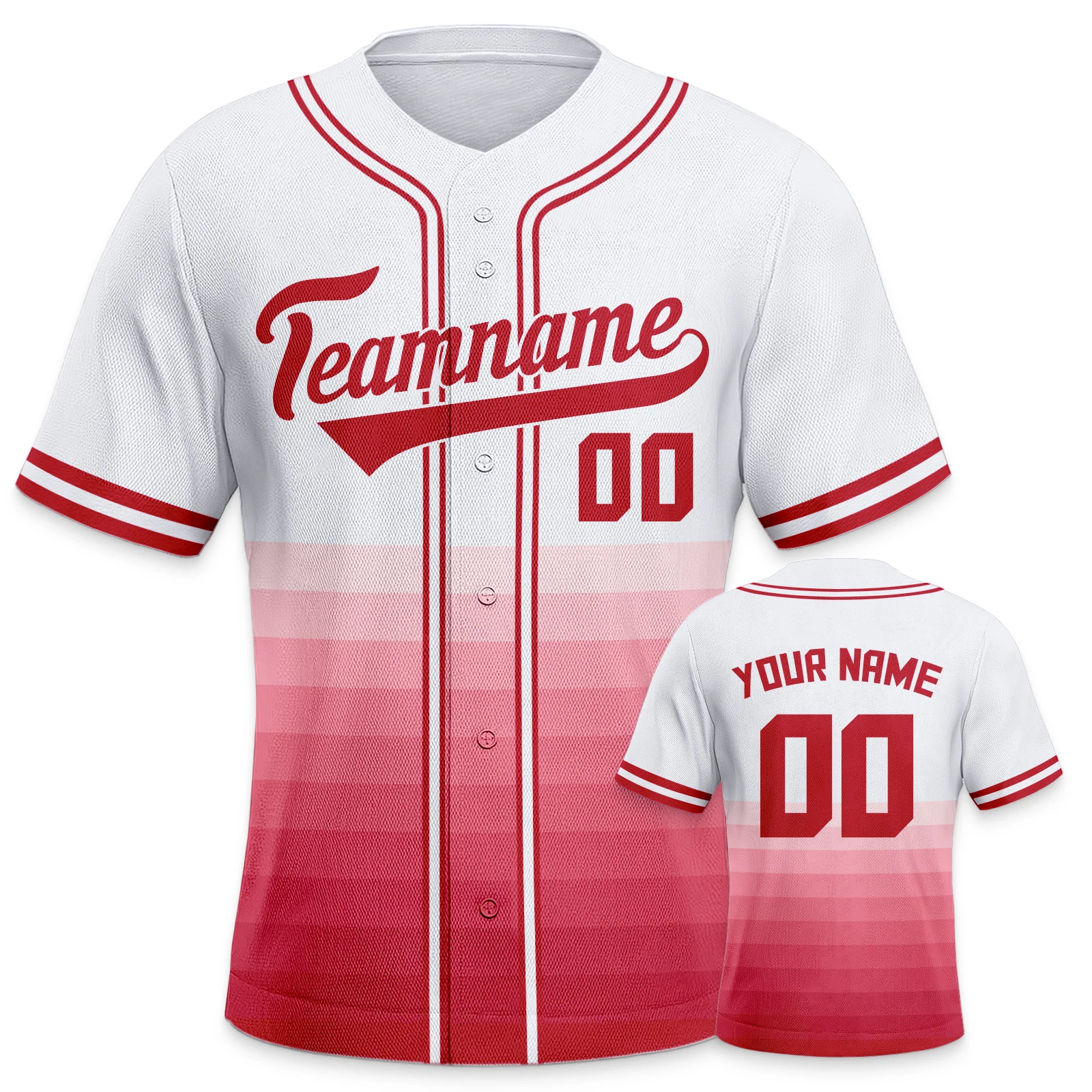 

Custom Baseball Jersey White Red Gradient Baseball Shirts Printed Team Name Number Button Down Uniform for Men Women Youth Kids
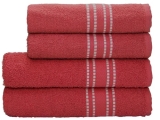 Jogo de Toalhas Camesa Algodão e Poliéster – Nacional Linea Vermelho 4 Peças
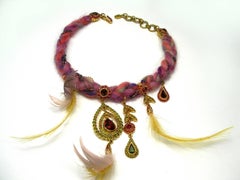 Christian Dior Boutique Vintage Feathers and Stone Choker necklace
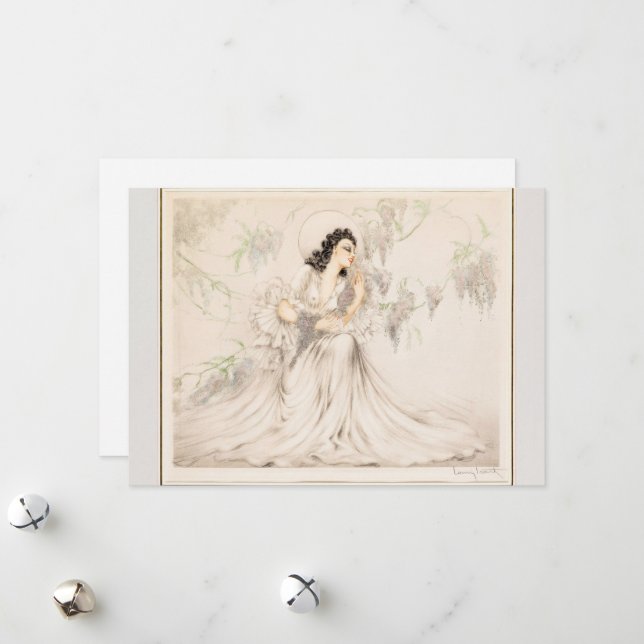 Cartão De Festividades Wisteria, 1940, por Louis Icart (Frente/Verso In Situ)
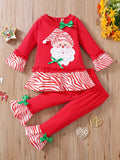 2pcs Toddler Girl's Santa Clause Patched Peplum Top & Flared Pants Set, Christmas Outfit for Spring Fall Festival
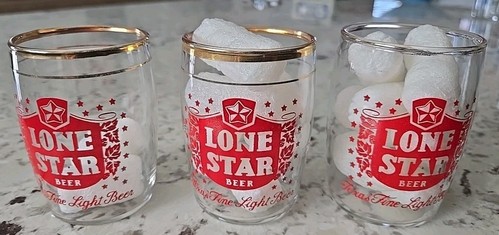 Vintage Lone Star Beer Barrel/Tasting Glasses 3", Large Shield Logo Gold Rimmed - Picture 1 of 6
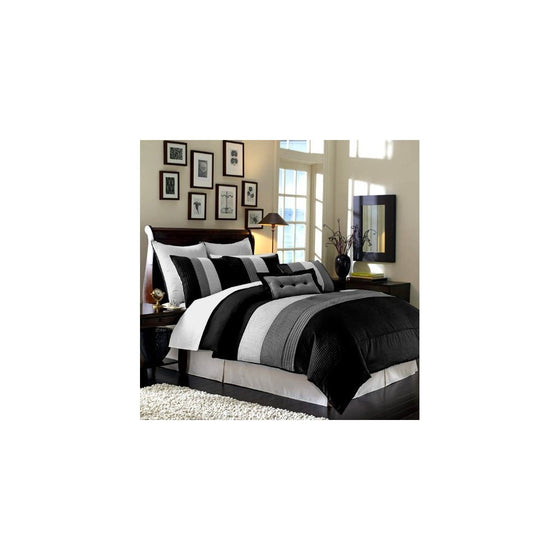 Chezmoi Collection 90 x 92-Inch 8-Piece Luxury Stripe Comforter Bed-in-a-Bag Set, Black/White/Grey, Queen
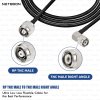 NETBOON RG58 Coaxial Cable Assembly with RP TNC Male to TNC Male Right Angle Connectors 50 Ohm Low-Loss RF Jumper for Test Setups, Signal Routing, and Communication Panels (2) NETBOON RG58 Coaxial Cable Assembly with RP TNC Male to TNC Male Right Angle Connectors | 50 Ohm Low-Loss RF Jumper for Test Setups, Signal Routing, and Communication Panels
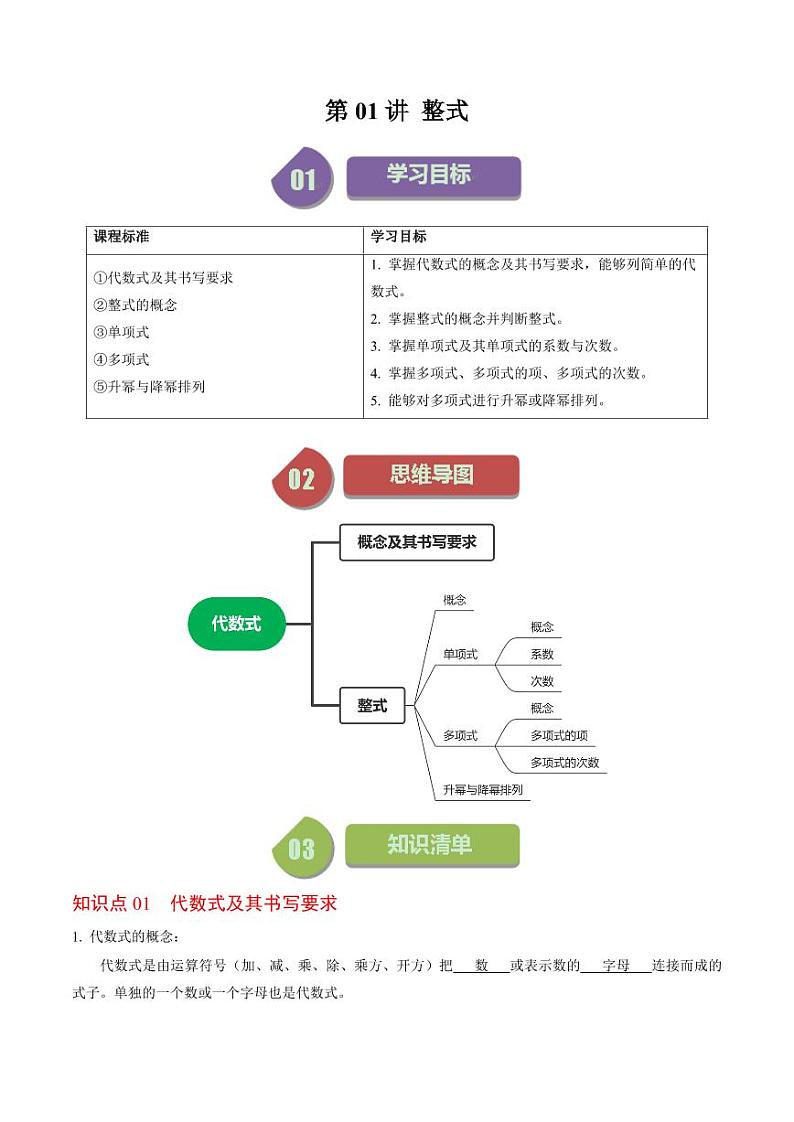第01讲 整式（解析版）-2024-2025学年七年级数学上册同步学与练（人教版）01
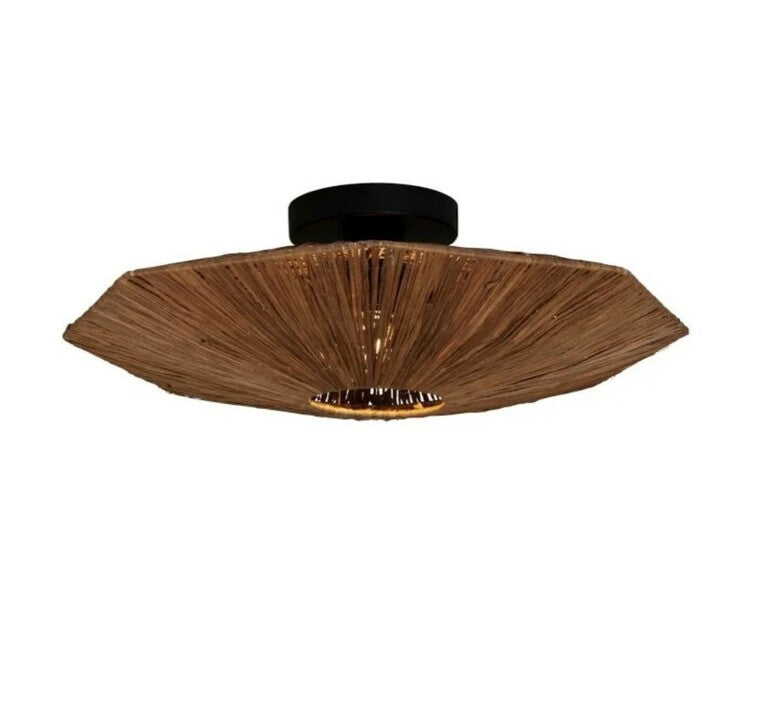 Ceiling Lamp, Panama S, Brown, Ø45cm, H5cm - Good&Mojo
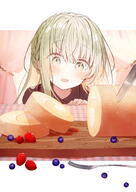 1girl black_shirt blueberry blush braid cake cecilia_(shiro_seijo_to_kuro_bokushi) commentary_request food fork fruit green_eyes green_hair hair_between_eyes highres kazutake_hazano knife long_hair looking_at_food open_mouth pancake shiro_seijo_to_kuro_bokushi shirt solo strawberry swiss_roll table // 1450x2048 // 516.5KB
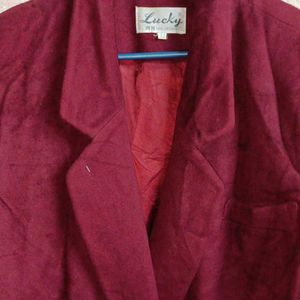 Women's Oversized Formal Coat Blazer Maroon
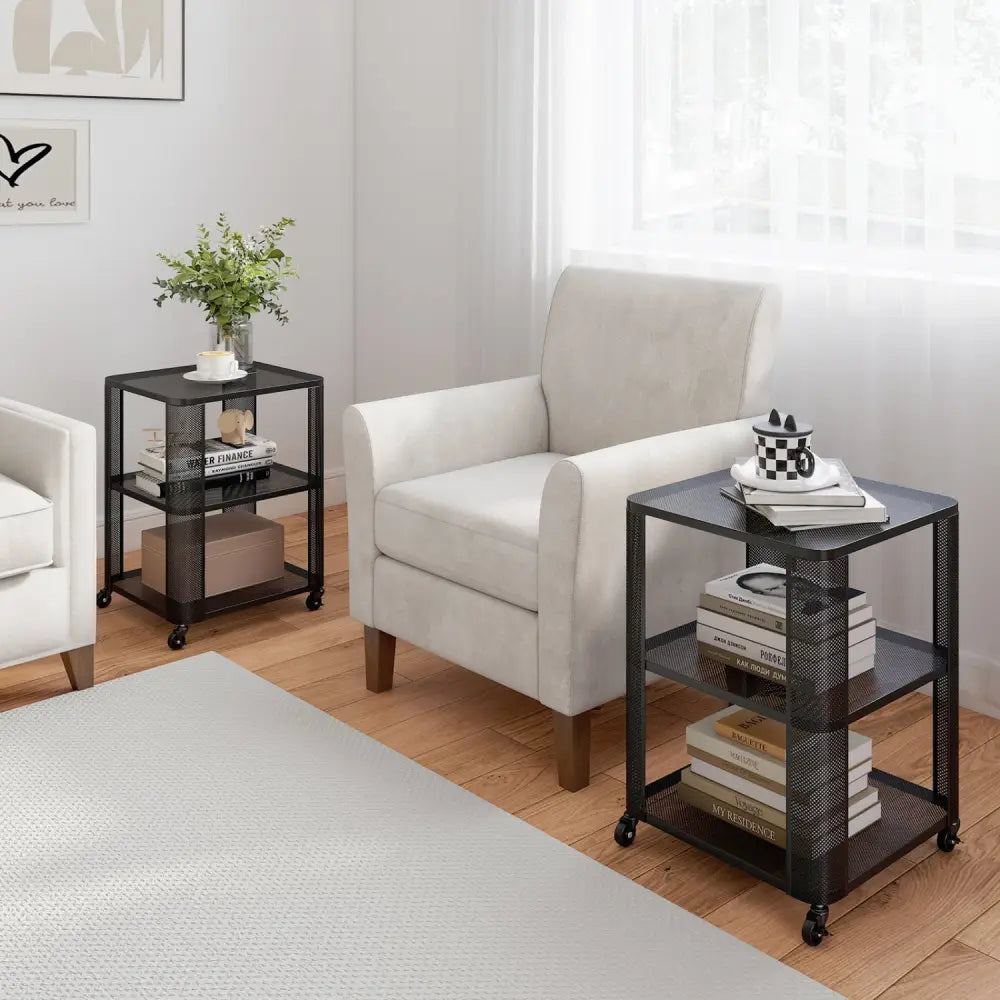 3-Tier End Table with Wheels Rolling Side Table with Open Storage Shelves-Set of 2 - End & Side Tables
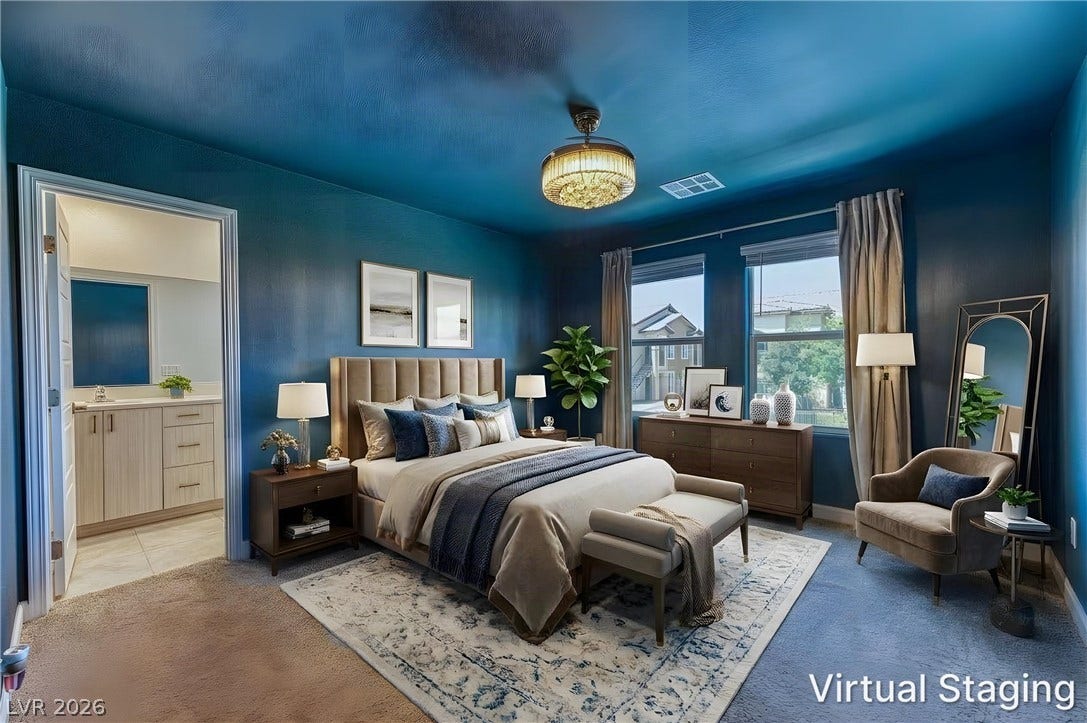 264 Banished Avenue, #2, North Las Vegas, NV 89031 Richly saturated wall treatments meet soft carpeting in this elegant private suite.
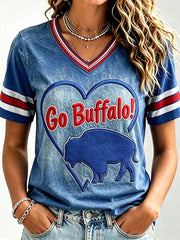 Women's Football Lover Buffalo Print V-Neck Tee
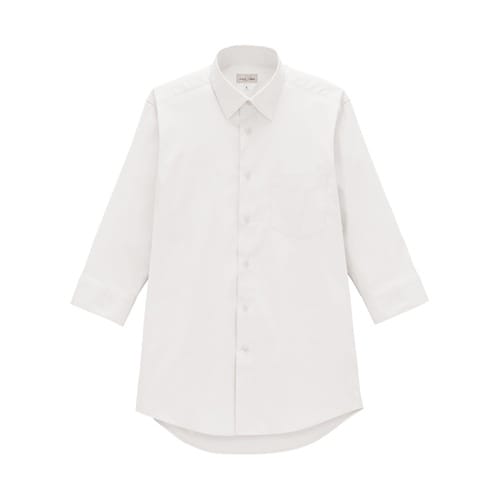 メンズレギュラーカラー七分袖シャツ ホワ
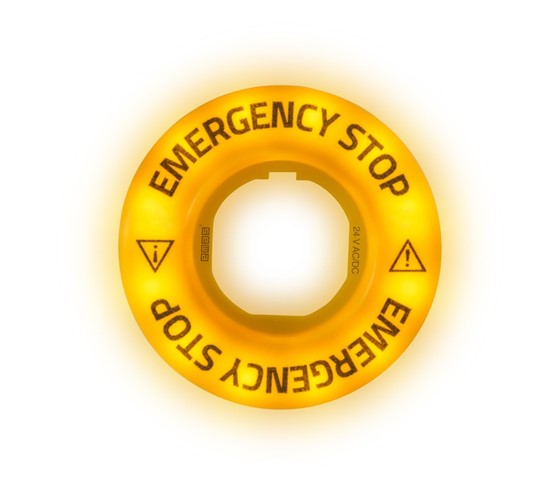 Aksesuar 24V AC/DC Flash Yanar (EMERGENCY-EMERGENCY) Baskılı LED'li Etiket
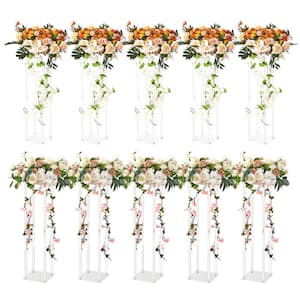10-Piece 23.6 in. 60 cm High Wedding Flower Stand with Acrylic Laminate Acrylic Vase Column Geometric Centerpiece Stands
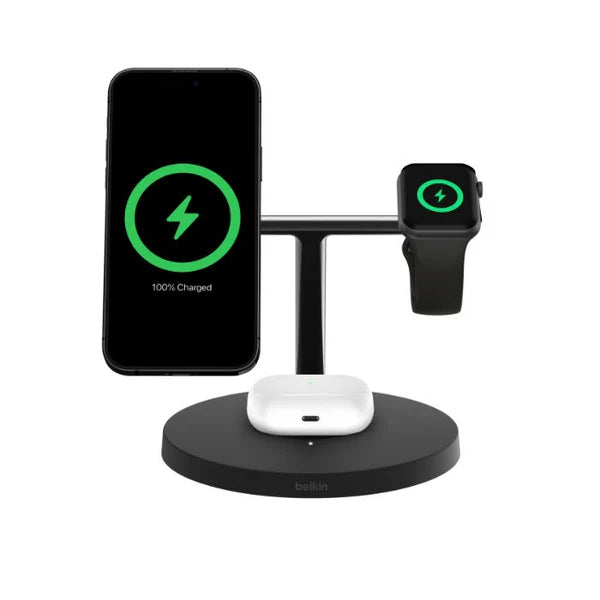 قاعدة شحن Belkin BoostCharge 3 في 1 مع شاحن Qi2 MagSafe WIZ032kqBK
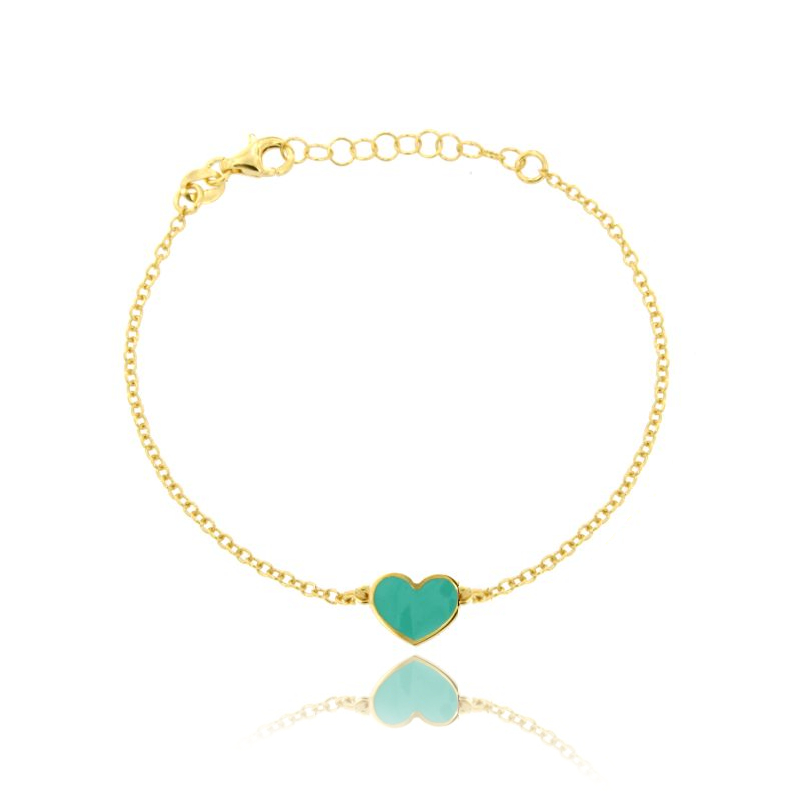 BRACCIALE FORZATINA CON CUORE CENTRALE SMALTATO IN ARGENTO TIT 925 CM 17-20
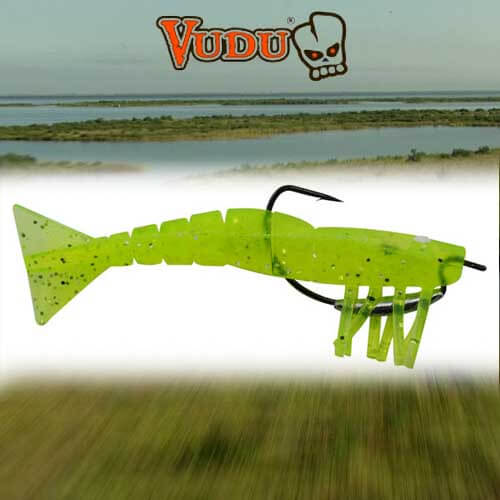 Egret Baits Vudu Weedless Shrimp 3.5 Inch 2 Pack - Saltwater Fishing Lures for Redfish, Trout, and Flounder - Perfect for Inshore and Coastal Fishing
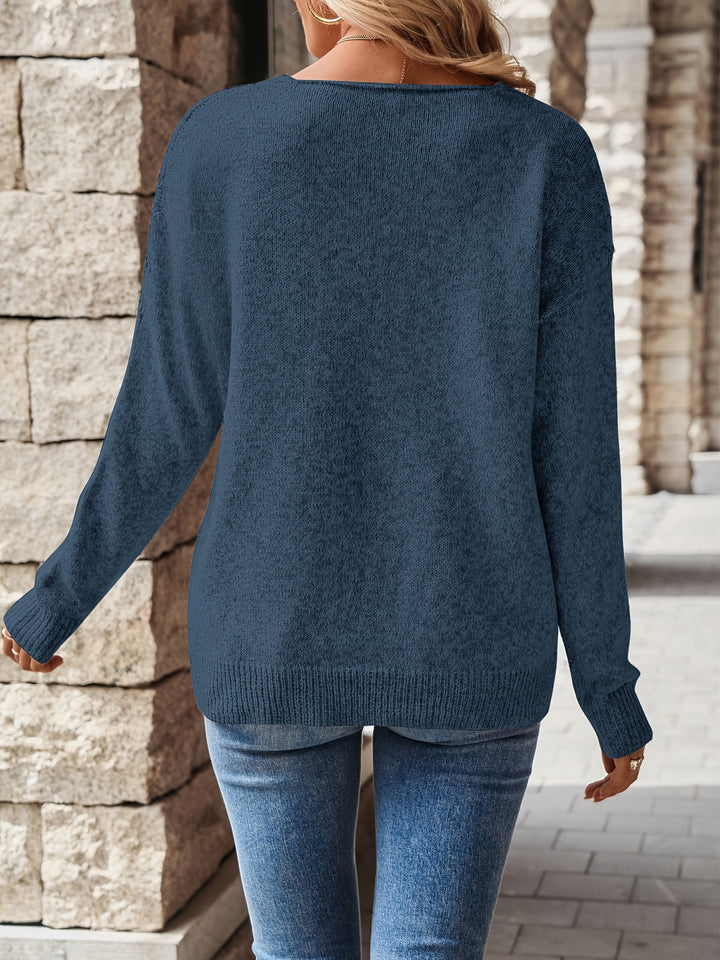 Beverly | Openwork V-Neck Sweater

● TASK DESCRIPTION: From the first line of the entries above down to the line holding "Chezmoi Collection 90", quote each line exactly and nothing else, skipping pictures.

● OUTPUT FOR THIS EXERCISE:
Custom Baseball Jersey White Red Gradient Baseball Shirts Printed Team Name Number Button Down Uniform for Men Women Youth Kids
 Jogo de Toalhas Camesa Algodão e Poliéster – Nacional Linea Vermelho 4 Peças
 Christian Dior Boutique Vintage Feathers and Stone Choker necklace
 Cartão De Festividades Wisteria, 1940, por Louis Icart (Frente/Verso In Situ)
 2pcs Toddler Girl's Santa Clause Patched Peplum Top & Flared Pants Set, Christmas Outfit for Spring Fall Festival
 Vintage Lone Star Beer Barrel/Tasting Glasses 3", Large Shield Logo Gold Rimmed - Picture 1 of 6
 Chezmoi Collection 90 x 92-Inch 8-Piece Luxury Stripe Comforter Bed-in-a-Bag Set, Black/White/Grey, Queen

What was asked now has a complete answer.